Forscher scannen Facebook-Nachrichten von Freiwilligen vor deren psychiatrischer Diagnose. Anhand einer KI-Analyse erkennen sie Anzeichen für die später diagnostizierte Erkrankung.

Schätzungen zufolge betreffen psychische Erkrankungen knapp 20 Prozent der Weltbevölkerung. Häufig haben sie dramatische Auswirkungen auf die betroffenen Personen und ihr soziales Umfeld. Psychische Erkrankungen können besser behandelt werden, wenn sie frühzeitig entdeckt werden. Oft bleiben sie jedoch über Monate oder Jahre unerkannt, bis irgendwann klinische Behandlungen notwendig sind.
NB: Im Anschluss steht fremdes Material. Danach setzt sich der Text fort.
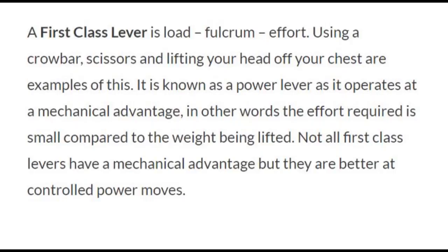The first we talk about is a first-class lever. It's designed so that you have a load and then the fulcrum in the middle and then the effort. Examples include using a crowbar, scissors, or lifting your head off your chest. It's considered to be a power lever and it operates at a mechanical advantage — less effort is required compared to the weight being lifted.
Bekannt ist, dass Sprach- und andere Verhaltensweisen in den sozialen Medien Hinweise auf psychische Erkrankungen geben können. Forscher um den amerikanischen Kind- und Jugendpsychiater Michael L. Birnbaum analysierten jetzt die Facebook-Nachrichten von diagnostizierten Patienten und zeigen, dass Künstliche Intelligenz bei der Früherkennung psychischer Krankheiten helfen könnte.

Birnbaum beschreibt die Bedeutung frühzeitiger Diagnosen bei psychischen Krankheiten: “Wir verstehen heute, dass Krebs verschiedene Stadien hat”, sagt Birnbaum. “Wenn wir Krebs im frühen Stadium erkennen, ist das war ganz anderes, als wenn er bereits metastasiert hat.”
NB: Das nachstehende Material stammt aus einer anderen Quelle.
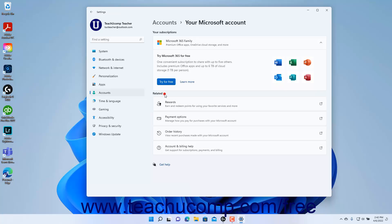The Related section shows setting buttons that you can click to open web pages for the related Microsoft account information. These buttons include rewards, payment options, order history, and account and billing help.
Ähnliche Experimente gab es bereits von anderen Forschern, doch deren Daten für das KI-Training umfassten keine professionell diagnostizierten Patienten. Stattdessen verließen sich die Forscher auf Selbstdiagnosen oder den Depressions-Fragebogen PHQ-9.

KI erkennt Verhaltensauffälligkeiten anhand von Sprache und Bild

Das Team um Birnbaum analysierte knapp 3,4 Millionen Facebook-Nachrichten und etwa 140.000 Bilder von 223 Freiwilligen, darunter gesunde Menschen sowie Patienten mit Schizophrenie und mit affektiven Störungen wie Depressionen. Alle Daten stammen vor dem Datum der Erstdiagnose der Patienten und reichen bis 18 Monate vor dieses Datum zurück.
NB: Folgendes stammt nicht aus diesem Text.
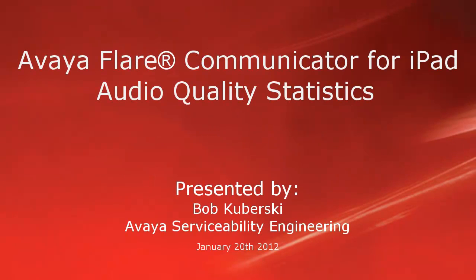Hello, my name is Bob Kuberski with the Avaya Serviceability Engineering Team. This video covers how to view audio quality statistics when using Avaya Flare Communicator for iPad.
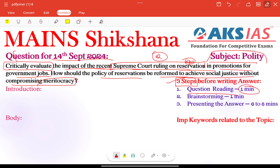Next, coming to question tags: 'critically evaluate.' Critically means we need to focus on providing more negatives than positives. We need to focus on negatives, but we should not go against constitutional provisions or government acts. That requires a balanced approach. Next keyword is 'how' — that is a general keyword, no need to worry. Next important keyword is 'impact.' Whenever we see impact or effect in a question, we need to focus on providing both positive and negative aspects.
Die Diagnose-KI wurde anschließend mit diesen Daten darauf trainiert, erkrankte und gesunde Menschen auseinanderzuhalten. Sie erreichte nach dem Training eine Genauigkeit, die mit der des PHQ-9-Fragebogens vergleichbar ist. Durch die KI-Analyse können die Forscher außerdem Aussagen über mögliche Hinweise im Verhalten treffen, die eine Frühdiagnose einer psychischen Erkrankung ermöglichen.

Depressive posten kleinere und blauere Bilder

So nutzten Schizophrenie-Patienten in ihren Facebook-Nachrichten häufiger Wahrnehmungswörter wie hören, sehen, fühlen und beschrieben häufiger negative Gefühle. Die KI stellte außerdem bei allen Diagnosen eine häufigere Verwendung von Schimpfwörtern fest. Patienten mit affektiven Störungen verwendeten häufiger Wörter, die mit biologischen Prozessen verknüpft sind wie Blut oder Schmerzen.

Die Höhe und Breite geposteter Bilder von Patienten beider Gruppen war im Schnitt kleiner oder kürzer als die von gesunden Menschen. Die Bilder von Patienten mit affektiven Störungen wiesen mehr Blau- und weniger Gelbtöne auf.

Kurz vor dem Krankenhausaufenthalt und einer klinischen Diagnose nahm die Verwendung von Interpunktion und Schimpfwörtern in beiden Patientengruppen zu. Patienten mit affektiven Störungen verwendeten mehr Wörter, die negative Emotionen beschreiben.

KI-Analyse in Social Media ist die “Röntgenaufnahme für den Geist”

Ihre Untersuchung zeige, dass die KI-Analyse von Social-Media-Nachrichten ein wichtiger Bestandteil der professionellen Diagnose psychischer Krankheiten sein könne, schreiben die Forscher.

Birnbaum hofft, dass die Analyse von Social-Media-Daten in den nächsten fünf bis zehn Jahren normaler Bestandteil der psychologischen Praxis wird: “Das wird unsere Röntgenaufnahme für den Geist werden. Es wird unser Bluttest sein, um die Diagnose und empfohlene Maßnahmen zu unterstützen.”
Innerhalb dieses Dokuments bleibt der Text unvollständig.